In the first scenario, we call DOS32READ with the handle of a file on a FAT partition of a SCSI hard drive. This is an entry point in DOSCALL1 which soon passes through a call gate to the 32-bit kernel and invokes FS32IREAD. For FAT access, FS32IREAD then calls the 16-bit routine h_DOS_Read in DOSHIGH4CODE, which, after ascertaining that the requested data is not in a previously read buffer, formulates a "request list" and sends it to the OS2DASD.DMD device driver. The request list is contructed in the _BufReadExecute and _ReqListExecute routines of DOSHIGH32CODE, and consists of a single request with the extended command code 1Eh for Read.

The request specifies the start block, number of blocks to read, and addresses of buffers to hold the data. OS2DASD.DMD then calls the appropriate *.ADD device driver-- for the example system, AHA152X.ADD-- to access the physical hardware.

The second scenario is the same except that the file we are reading resides on an HPFS partition. In this case, FS32IREAD bypasses the legacy 16-bit FAT routines in DOSHIGH4CODE, and calls instead the FS_READ entry point of HPFS.IFS. The HPFS file system then takes care of buffering data and interfacing to the OS2DASD.DMD module.

The third scenario involves reading a file on a floppy disk. This is the same as the first scenario as far as the kernel is concerned; however, the OS2DASD.DMD code will pass the request down to IBM1FLPY.ADD (or IBM2FLPY.ADD for a Micro Channel machine), rather than to AHA152X.ADD.

Finally, to read data from a SCSI CD-Rom, FS32IREAD calls FS_READ on the CD-Rom file system driver CDFS.IFS. CDFS will again perform buffering services, then send a request list to OS2CDROM.DMD, which will invoke the appropriate BASEDEV-- in the example system, LMS206.ADD for a Philips CD-Rom drive.

V. The context-switching mechanism

A context switch generally takes place at the trailing edge of a kernel API call.
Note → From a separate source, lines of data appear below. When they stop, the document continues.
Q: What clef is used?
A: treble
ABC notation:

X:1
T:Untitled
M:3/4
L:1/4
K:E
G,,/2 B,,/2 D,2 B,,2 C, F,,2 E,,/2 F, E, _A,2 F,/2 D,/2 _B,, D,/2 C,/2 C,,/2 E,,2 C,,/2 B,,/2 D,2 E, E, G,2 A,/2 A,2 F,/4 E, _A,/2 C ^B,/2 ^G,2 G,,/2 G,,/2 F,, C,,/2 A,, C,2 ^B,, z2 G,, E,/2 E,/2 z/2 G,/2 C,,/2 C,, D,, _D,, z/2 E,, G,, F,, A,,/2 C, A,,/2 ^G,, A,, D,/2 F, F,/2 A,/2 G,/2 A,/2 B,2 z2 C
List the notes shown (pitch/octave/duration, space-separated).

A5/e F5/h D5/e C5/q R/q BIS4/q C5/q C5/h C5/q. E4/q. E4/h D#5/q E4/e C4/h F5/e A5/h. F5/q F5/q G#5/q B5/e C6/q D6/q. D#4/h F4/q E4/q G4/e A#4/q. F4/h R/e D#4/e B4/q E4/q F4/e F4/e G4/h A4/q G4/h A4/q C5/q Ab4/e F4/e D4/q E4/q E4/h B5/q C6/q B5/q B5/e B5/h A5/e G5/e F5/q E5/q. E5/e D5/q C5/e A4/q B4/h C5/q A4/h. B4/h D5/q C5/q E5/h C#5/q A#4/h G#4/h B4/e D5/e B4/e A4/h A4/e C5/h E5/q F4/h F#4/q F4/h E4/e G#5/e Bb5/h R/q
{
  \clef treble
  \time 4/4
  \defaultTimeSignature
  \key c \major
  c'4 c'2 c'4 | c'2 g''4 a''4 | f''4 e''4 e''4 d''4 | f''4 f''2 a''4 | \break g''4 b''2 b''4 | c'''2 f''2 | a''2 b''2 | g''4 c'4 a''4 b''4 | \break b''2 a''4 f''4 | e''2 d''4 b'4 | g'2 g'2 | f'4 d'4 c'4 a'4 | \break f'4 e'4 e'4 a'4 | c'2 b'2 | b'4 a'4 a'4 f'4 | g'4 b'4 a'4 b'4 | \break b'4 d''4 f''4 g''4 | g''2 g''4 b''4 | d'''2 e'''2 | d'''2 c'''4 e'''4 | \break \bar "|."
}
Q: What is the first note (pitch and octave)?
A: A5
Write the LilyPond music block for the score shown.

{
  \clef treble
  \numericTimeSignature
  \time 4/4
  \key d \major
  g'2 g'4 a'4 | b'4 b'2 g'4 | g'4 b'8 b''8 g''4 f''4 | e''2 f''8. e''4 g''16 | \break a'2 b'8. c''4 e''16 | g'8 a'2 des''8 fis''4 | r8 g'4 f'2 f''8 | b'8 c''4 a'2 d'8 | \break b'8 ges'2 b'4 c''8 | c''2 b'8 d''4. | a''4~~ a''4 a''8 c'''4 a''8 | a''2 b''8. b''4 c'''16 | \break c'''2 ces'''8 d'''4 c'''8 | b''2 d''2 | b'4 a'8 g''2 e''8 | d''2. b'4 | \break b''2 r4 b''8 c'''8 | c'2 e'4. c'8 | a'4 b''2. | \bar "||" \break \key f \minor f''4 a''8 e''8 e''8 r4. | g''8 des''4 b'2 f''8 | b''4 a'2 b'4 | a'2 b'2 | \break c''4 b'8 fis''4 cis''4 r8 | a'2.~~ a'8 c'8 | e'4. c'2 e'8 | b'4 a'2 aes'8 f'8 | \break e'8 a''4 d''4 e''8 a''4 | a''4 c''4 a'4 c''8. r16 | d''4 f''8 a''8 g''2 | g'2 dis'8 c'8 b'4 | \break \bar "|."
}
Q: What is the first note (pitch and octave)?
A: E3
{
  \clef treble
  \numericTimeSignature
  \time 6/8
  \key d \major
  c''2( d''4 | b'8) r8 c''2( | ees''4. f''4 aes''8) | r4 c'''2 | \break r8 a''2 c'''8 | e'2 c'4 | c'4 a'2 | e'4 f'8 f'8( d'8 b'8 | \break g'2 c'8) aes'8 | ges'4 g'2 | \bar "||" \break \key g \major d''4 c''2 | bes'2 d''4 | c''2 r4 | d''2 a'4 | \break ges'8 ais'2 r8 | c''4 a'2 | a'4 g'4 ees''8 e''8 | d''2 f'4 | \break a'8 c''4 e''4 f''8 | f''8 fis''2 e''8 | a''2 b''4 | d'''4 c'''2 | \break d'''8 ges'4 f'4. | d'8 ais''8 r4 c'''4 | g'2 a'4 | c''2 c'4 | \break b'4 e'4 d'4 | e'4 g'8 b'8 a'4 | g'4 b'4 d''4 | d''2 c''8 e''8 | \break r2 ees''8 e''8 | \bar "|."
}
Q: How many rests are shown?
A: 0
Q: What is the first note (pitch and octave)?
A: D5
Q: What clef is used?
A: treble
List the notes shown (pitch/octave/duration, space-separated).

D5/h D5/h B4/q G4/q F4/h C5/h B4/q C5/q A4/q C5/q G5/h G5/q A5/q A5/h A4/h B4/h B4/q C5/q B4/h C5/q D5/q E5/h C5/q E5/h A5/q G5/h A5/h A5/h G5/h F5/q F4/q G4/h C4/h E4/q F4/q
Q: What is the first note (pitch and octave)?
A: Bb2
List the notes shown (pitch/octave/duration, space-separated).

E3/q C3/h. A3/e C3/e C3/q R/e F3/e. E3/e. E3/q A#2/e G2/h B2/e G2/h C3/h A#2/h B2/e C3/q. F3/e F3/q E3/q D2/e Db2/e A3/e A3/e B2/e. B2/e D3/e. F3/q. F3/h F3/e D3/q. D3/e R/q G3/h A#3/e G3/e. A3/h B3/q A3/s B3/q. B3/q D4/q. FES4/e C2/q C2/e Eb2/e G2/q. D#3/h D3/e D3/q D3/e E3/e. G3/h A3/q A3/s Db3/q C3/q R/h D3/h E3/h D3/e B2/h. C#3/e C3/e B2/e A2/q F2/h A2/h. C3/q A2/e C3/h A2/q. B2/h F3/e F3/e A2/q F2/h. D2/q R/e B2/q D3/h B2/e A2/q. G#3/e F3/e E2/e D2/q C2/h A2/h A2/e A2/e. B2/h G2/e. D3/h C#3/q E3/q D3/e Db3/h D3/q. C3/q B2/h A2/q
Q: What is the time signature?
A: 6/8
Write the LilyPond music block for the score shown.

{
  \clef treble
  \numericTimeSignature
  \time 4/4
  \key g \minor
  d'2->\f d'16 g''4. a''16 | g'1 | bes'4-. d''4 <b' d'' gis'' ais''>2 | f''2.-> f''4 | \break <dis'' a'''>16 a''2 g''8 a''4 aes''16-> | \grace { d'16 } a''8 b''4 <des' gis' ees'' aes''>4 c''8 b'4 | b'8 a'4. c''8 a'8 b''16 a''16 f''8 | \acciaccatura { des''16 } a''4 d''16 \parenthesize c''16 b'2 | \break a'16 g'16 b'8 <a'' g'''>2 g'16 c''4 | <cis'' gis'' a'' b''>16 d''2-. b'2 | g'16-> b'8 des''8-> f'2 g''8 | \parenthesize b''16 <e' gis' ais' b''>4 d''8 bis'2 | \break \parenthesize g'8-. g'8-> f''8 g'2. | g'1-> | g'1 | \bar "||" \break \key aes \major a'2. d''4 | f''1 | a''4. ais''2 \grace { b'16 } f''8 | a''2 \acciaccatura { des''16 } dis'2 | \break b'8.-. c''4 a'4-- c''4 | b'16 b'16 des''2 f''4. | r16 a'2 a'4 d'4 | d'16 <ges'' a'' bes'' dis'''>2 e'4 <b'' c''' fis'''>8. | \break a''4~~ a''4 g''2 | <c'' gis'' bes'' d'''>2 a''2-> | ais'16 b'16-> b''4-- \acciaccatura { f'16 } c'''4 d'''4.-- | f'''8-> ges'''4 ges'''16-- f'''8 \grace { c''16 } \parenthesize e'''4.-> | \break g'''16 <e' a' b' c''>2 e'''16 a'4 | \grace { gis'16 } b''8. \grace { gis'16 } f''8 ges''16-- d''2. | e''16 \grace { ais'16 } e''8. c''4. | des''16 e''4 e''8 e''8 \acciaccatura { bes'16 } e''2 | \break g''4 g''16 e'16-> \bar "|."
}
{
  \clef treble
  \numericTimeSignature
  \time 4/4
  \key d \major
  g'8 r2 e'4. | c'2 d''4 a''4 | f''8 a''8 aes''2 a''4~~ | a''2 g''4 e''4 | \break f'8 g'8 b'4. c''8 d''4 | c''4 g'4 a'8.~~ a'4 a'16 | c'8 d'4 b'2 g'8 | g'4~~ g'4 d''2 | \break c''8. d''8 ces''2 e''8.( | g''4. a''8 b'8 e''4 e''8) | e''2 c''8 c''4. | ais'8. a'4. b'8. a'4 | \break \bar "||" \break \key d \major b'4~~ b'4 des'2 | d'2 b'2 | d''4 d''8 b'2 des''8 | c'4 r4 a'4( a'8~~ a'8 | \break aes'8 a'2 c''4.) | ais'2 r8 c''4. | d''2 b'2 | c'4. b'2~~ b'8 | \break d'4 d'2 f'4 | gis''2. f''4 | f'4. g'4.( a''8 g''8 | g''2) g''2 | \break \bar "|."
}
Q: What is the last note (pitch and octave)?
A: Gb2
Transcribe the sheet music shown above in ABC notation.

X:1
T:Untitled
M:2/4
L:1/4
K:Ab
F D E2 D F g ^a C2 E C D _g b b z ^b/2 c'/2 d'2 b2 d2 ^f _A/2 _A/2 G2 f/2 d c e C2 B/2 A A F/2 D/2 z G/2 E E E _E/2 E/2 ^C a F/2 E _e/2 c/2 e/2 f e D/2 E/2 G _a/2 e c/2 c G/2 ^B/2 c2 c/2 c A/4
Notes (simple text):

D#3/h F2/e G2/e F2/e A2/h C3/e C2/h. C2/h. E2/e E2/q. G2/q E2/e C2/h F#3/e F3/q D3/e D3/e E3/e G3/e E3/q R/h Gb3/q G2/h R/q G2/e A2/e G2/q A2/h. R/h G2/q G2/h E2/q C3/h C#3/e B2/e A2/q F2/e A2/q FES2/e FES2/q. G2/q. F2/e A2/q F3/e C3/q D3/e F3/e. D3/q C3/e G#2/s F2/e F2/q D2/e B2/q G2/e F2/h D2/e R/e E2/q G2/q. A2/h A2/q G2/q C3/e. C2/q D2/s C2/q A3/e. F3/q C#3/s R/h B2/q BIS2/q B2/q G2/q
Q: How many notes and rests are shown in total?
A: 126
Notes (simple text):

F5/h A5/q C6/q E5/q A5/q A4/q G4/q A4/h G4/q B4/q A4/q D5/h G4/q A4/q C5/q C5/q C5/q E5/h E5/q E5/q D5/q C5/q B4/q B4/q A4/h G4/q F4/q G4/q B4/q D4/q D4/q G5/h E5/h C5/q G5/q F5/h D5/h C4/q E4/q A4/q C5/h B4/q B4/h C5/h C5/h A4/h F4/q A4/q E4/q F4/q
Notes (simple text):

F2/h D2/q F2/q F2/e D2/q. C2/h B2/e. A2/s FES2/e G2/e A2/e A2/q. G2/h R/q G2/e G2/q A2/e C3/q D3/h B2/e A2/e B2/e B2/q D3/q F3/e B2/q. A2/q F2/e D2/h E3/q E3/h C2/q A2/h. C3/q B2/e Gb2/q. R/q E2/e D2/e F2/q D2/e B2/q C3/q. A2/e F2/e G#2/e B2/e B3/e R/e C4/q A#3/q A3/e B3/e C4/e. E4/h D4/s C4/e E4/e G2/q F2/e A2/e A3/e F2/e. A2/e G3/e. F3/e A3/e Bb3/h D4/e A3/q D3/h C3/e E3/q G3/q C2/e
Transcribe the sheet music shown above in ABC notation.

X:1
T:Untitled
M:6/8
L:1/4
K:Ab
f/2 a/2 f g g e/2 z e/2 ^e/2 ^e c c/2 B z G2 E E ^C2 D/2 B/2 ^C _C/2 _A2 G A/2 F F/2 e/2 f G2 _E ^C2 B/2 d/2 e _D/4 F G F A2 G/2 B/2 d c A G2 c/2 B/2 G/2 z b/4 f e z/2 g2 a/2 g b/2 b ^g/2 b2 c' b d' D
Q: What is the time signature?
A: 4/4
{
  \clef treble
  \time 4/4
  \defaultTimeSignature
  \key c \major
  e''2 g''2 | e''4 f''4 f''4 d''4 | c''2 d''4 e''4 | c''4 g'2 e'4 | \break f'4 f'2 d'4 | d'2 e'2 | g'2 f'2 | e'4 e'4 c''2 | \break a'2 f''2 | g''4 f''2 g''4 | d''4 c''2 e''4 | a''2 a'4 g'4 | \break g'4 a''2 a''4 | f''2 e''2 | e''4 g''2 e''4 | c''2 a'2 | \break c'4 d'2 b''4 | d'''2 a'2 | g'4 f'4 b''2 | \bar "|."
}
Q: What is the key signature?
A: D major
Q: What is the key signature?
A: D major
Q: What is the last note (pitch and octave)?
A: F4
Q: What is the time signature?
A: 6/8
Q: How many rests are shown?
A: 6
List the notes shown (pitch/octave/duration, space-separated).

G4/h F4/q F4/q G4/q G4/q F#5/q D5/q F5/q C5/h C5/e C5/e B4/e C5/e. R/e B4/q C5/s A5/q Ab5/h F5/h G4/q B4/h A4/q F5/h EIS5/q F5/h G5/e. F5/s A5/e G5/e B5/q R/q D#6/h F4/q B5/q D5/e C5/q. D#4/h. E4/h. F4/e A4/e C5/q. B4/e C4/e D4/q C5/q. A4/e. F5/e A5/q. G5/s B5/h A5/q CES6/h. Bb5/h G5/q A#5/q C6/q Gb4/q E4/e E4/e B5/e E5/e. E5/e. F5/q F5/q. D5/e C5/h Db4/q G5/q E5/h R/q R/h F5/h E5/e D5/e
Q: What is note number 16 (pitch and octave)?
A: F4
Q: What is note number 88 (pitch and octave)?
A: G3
Before returning from kernel mode to user mode, the system will call a special routine called KMExitKmodeEvents. This routine examines the global variable Resched, which indicates whether other threads of sufficient priority are ready to run. If Resched is non-zero, the next stop is the _tkSchedNext routine.

_tkSchedNext invokes the scheduler apparatus (_SCHGetNextRunner) to decide which of the ready threads will be the next to receive a timeslice. Some aspects of the scheduler, with its thicket of states and transitions, priority queues, sleep queues, and so forth, are documented in the Debugging Handbook. For now we simply note that _SCHGetNextRunner returns, in the EAX register, a pointer to the TCB of the new, or incoming thread. This pointer then becomes the single argument to the _PGSwitchContext routine.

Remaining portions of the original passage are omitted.